“I’m going to Hotchkiss,” “I’ve been accepted at Andover,” or “I can’t wait to leave in September for Kent”—are all snatches of conversation I have heard over summers while working at KIPP Reach, my former middle school, whenever recent, successful graduates come by to see their favorite teachers. If they say “Hi” and ask me about Massachusetts, Deerfield, or my college plans, I smile. I recognize in them the pride and achievement (and fear) that was once, and probably still is, in me.
But for every kid who goes from KIPP Reach’s eighth grade class to the freshman class of Exeter, there are at least twenty classmates who will never get the opportunity. With speculation, I would say that also goes for most students in the greater Oklahoma City area, the state of Oklahoma, the southwest region, and the United States.
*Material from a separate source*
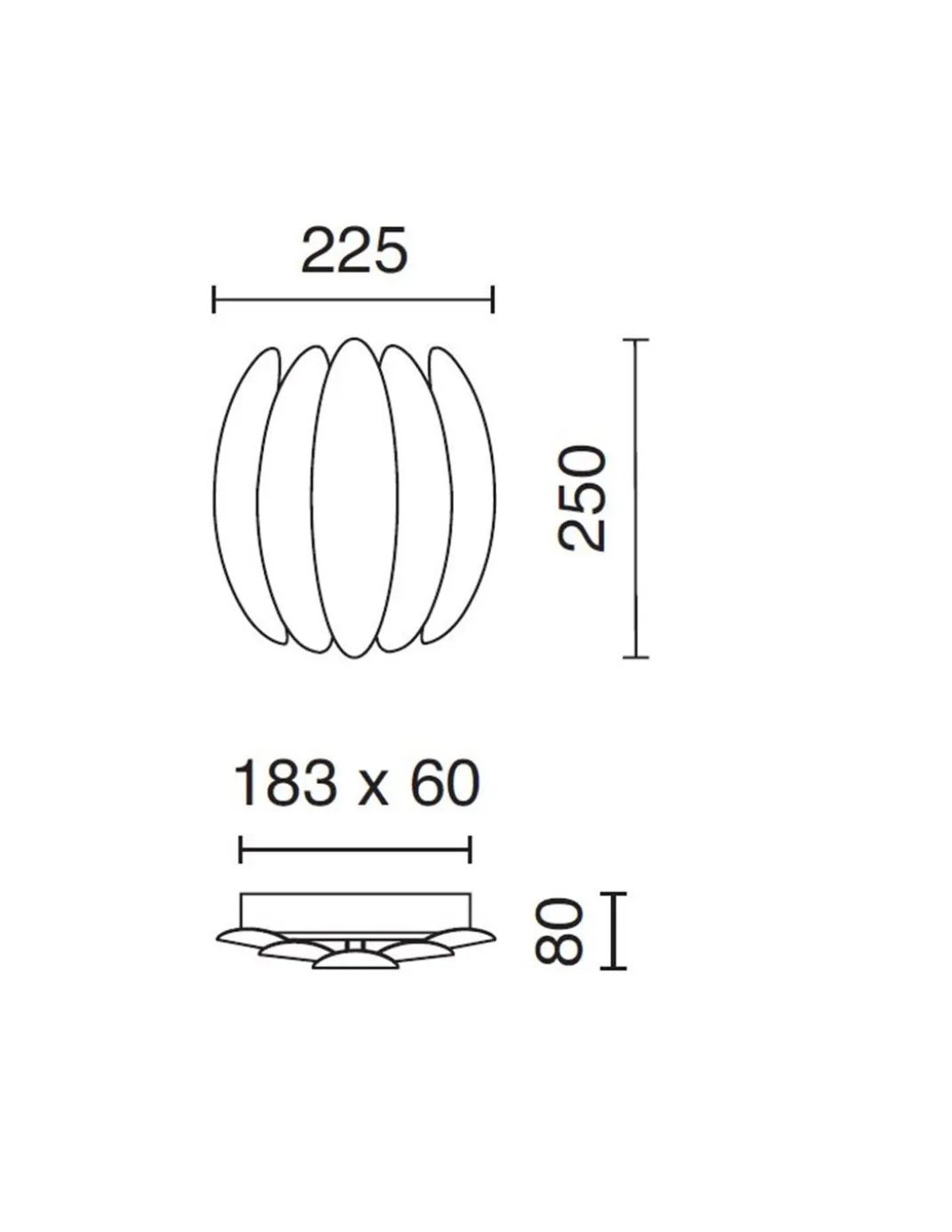 Aplique de pared Petal - Novolux Lighting - Lámpara decorativa en forma de flor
I wonder if the kids headed to prep schools realize what that means.
I am not talking solely about the problem of boarding high schools being seen as elite or reformative in public thought, but a closely-tied predicament. Boarding-school students often have such overflowing pride for their institutions and personal achievements (or prefer to speak only with students in similar situations) that it, by accident, borders on snobbery and insensitivity towards others of different circles (read: less-privileged high schools).
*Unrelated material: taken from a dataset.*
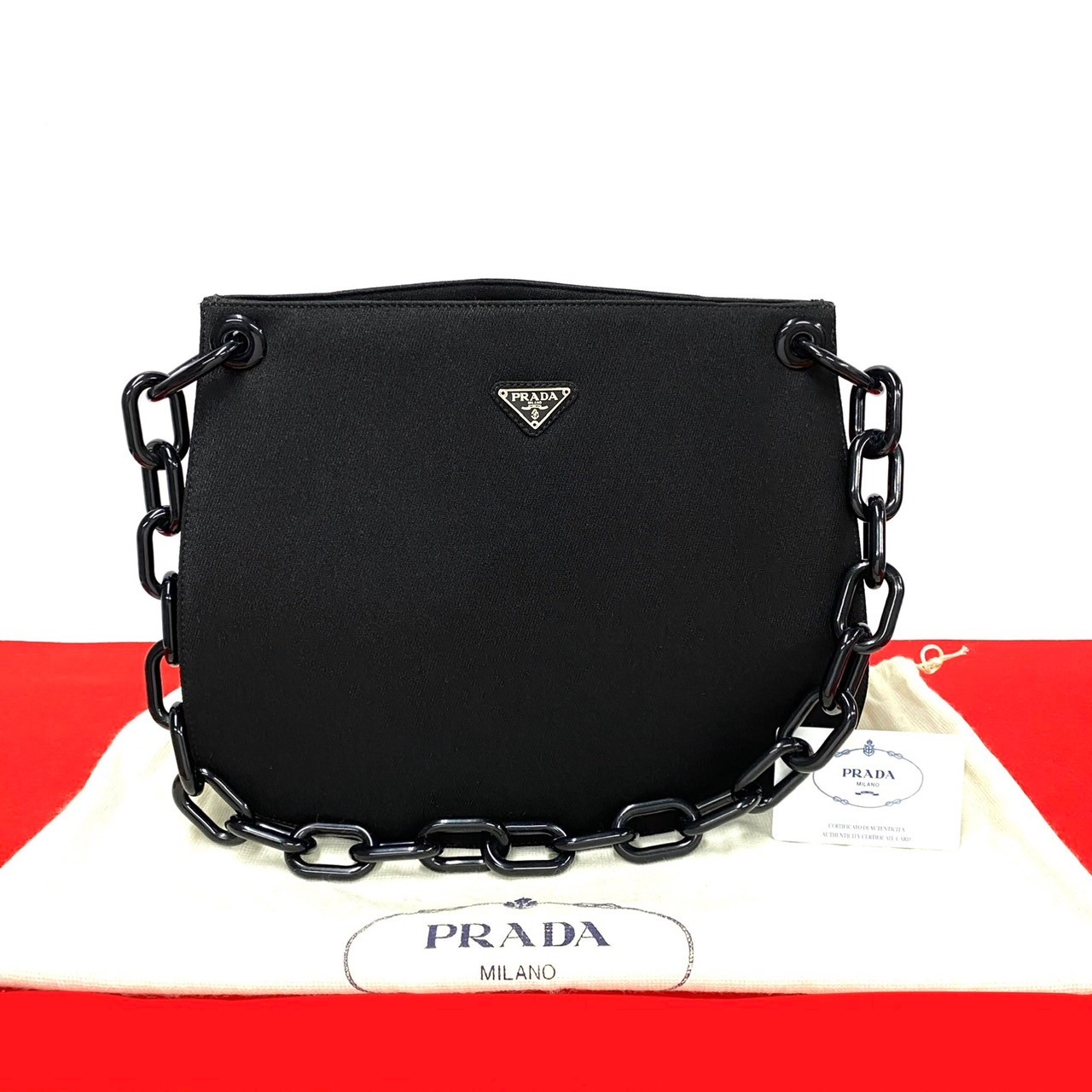 楽天市場】【ポイント2倍】ほぼ未使用 袋付 希少品 PRADA プラダ 三角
These issues stem from conversations and actions. As prep-school students, we need to be sensitive to how we portray and talk to others about Deerfield, this way of life, and our thoughts on different paths. How we live our lives may be the only hint that outsiders ever get as to what institutions like Deerfield are truly like.
If the kids leaving KIPP and Oklahoma ever want advice from me, I would tell them that the real beginning of their high school career is when they learn to be respectful of those they are soon to encounter at school, as well as to those whom they are leaving at home.